Representative safety-filtering frameworks such as BarrierNet [28] introduce differentiable control barrier functions to enforce safety constraints during policy execution. While these methods provide strong collision avoidance guarantees, they are not integrated with hierarchical medium-switching decision policies or cross-domain global planners, limiting their applicability in discontinuous water–land navigation.

Overall, prior research has made significant progress in amphibious navigation, single-domain reinforcement learning, hierarchical decision-making, and safe control. Nevertheless, a unified approach that simultaneously addresses cross-domain environmental representation, stable medium-switching decisions, and safety-constrained continuous control is still lacking. To bridge this gap, this paper proposes CD-HSSRL, a Cross-Domain Hierarchical Safe-Switching Reinforcement Learning framework that integrates global reachability planning, hierarchical switching policies, and safety-constrained control to achieve reliable autonomous amphibious navigation.

3. Method

In this section, we present the proposed Cross-Domain Hierarchical Safe Switching Reinforcement Learning (CD-HSSRL) framework for autonomous navigation and path planning of amphibious robots across water–land environments. We first formulate the cross-domain navigation problem, then introduce the overall hierarchical architecture, followed by the detailed design of each functional module.

3.1. Problem Formulation

We consider an amphibious robot operating in a mixed water–land environment. The environment is represented by a cross-domain state space $\mathcal{S}={\mathcal{S}}_w\cup {\mathcal{S}}_l\cup {\mathcal{S}}_t$, where ${\mathcal{S}}_w$, ${\mathcal{S}}_l$, and ${\mathcal{S}}_t$ denote water, land, and transition regions, respectively. The robot dynamics vary across domains, leading to discontinuous motion models.

The navigation objective is to find a policy $\pi \left(a\right|s)$ that drives the robot from a start state $s_0$ to a goal state $s_g$ while minimizing cumulative cost and satisfying safety constraints. This problem is formulated as a constrained Markov decision process (CMDP):

$$\mathcal{M}=\langle \mathcal{S},\mathcal{A},P,R,C,\gamma \rangle ,$$

(1)

where $\mathcal{A}$ is the action space, $P\left(s^{\prime }\right|s,a)$ is the transition probability, $R(s,a)$ is the reward function, $C(s,a)$ denotes constraint cost, and $\gamma \in (0,1)$ is the discount factor.

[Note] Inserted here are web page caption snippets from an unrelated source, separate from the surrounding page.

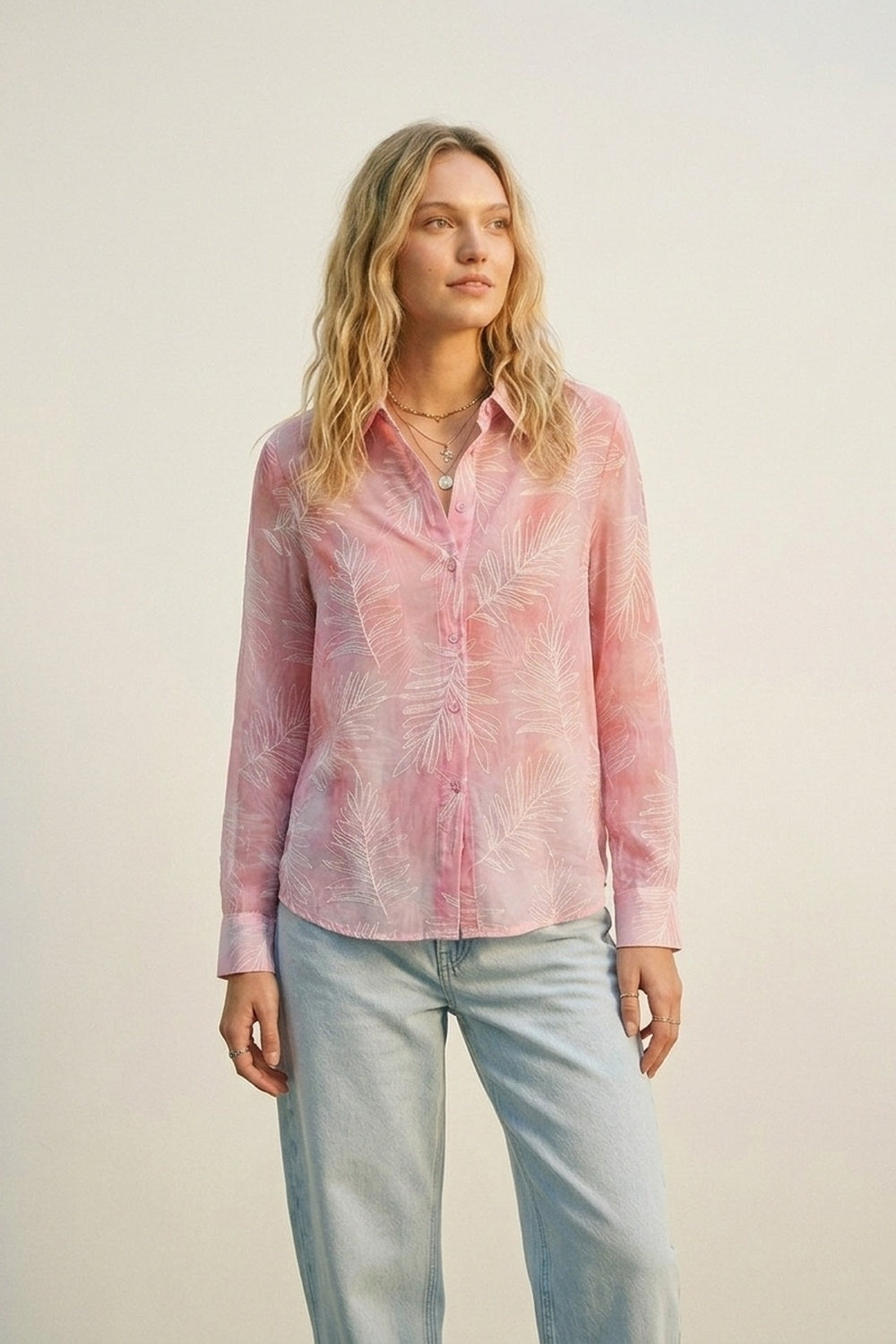 Chemise rose transparente à imprimé feuille avec tissu translucide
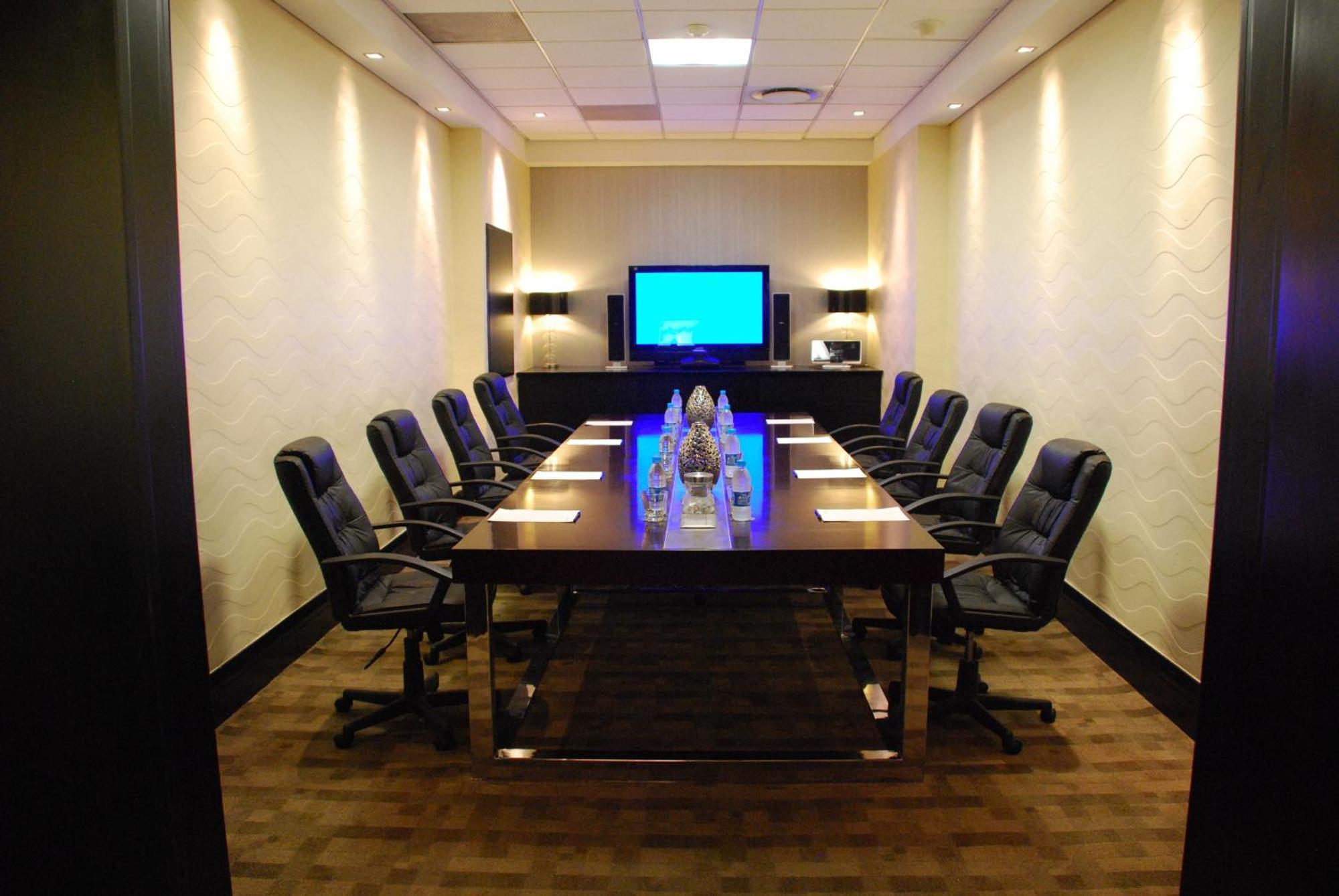 Southern Sun Or Tambo International Airport كمبتون بارك المظهر الخارجي الصورة Meeting room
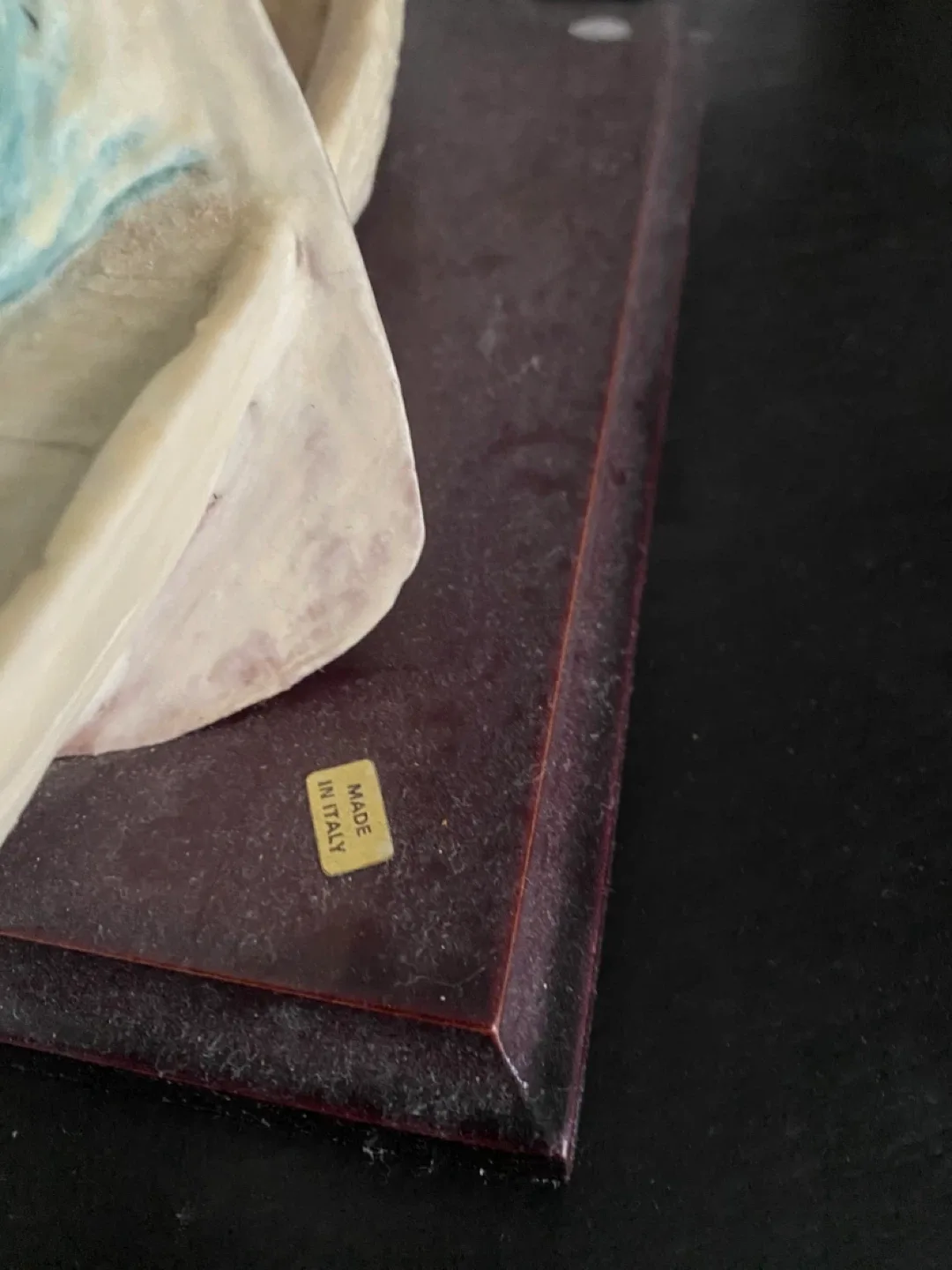 Serie Valentino by Miriam Figurine image indicator(4)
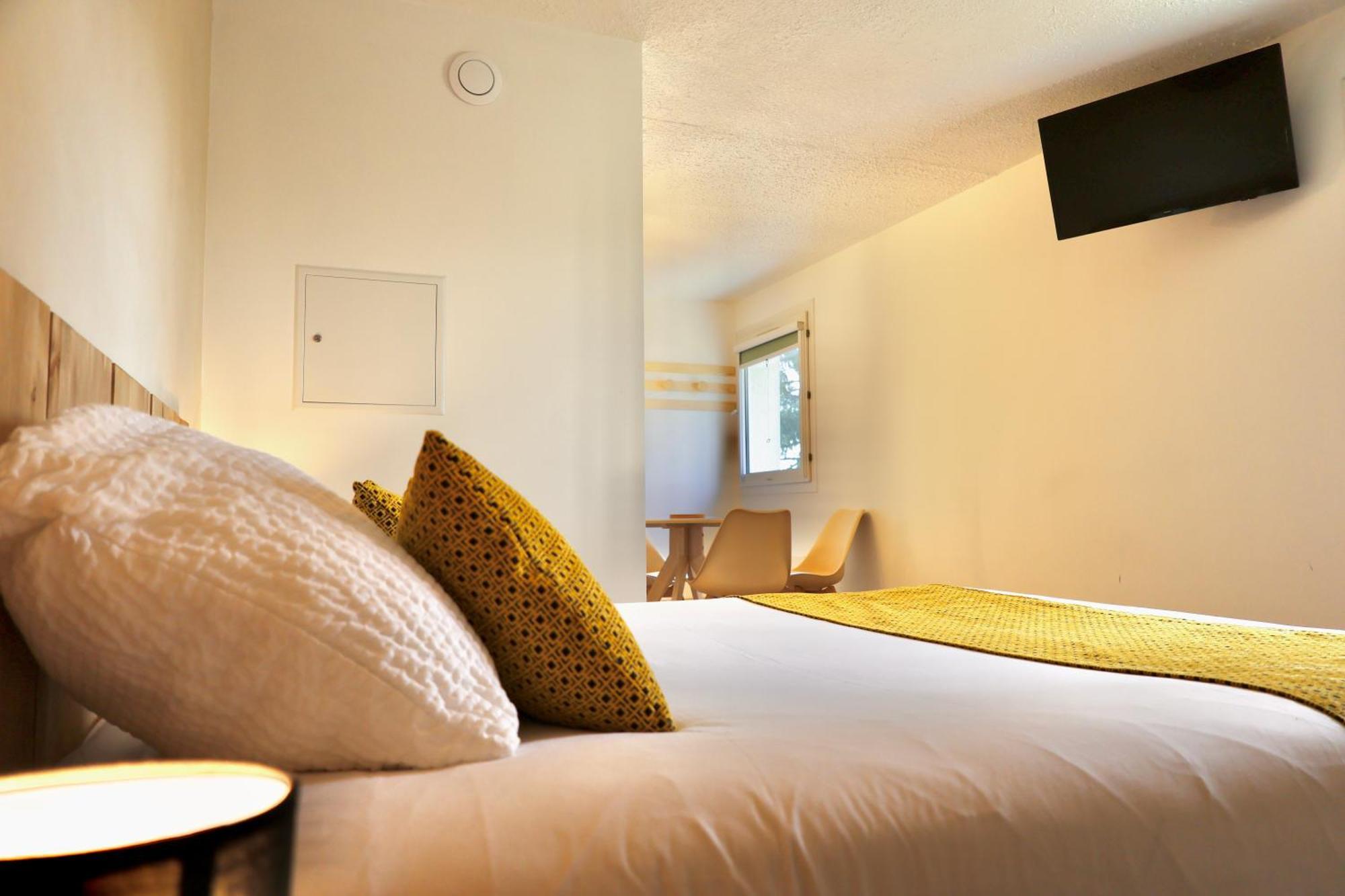 Cit'Hotel Design Booking Evry Saint-Germain-Les-Corbeil Senart Exterior photo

The optimization objective is:

$$\underset{\pi }{max}{\mathbb{E}}_{\pi }\left[\sum _{t=0}^T{\gamma }^{t}R(s_t,a_t)\right],$$

(2)

subject to the safety constraint:

$${\mathbb{E}}_{\pi }\left[\sum _{t=0}^T{\gamma }_c^{t}C(s_t,a_t)\right]\le d,$$

(3)

where d is a predefined safety threshold limiting collision, grounding, or rule-violation risks, and ${\gamma }_c$ denotes the discount factor for accumulated safety costs.

The key challenge lies in simultaneously handling (1) discontinuous dynamics across water–land domains, (2) long-horizon global reachability under heterogeneous environmental costs, and (3) safety-critical control during medium transitions.

3.2. Overall Framework of CD-HSSRL

To address the above challenges, we propose CD-HSSRL (Cross-Domain Hierarchical Safe-Switching Reinforcement Learning), a hierarchical planning–learning architecture for autonomous amphibious robot navigation across water-land environments. The framework decomposes the amphibious navigation problem into three cooperative layers, enabling structured decision-making from long-horizon planning to low-level safe control.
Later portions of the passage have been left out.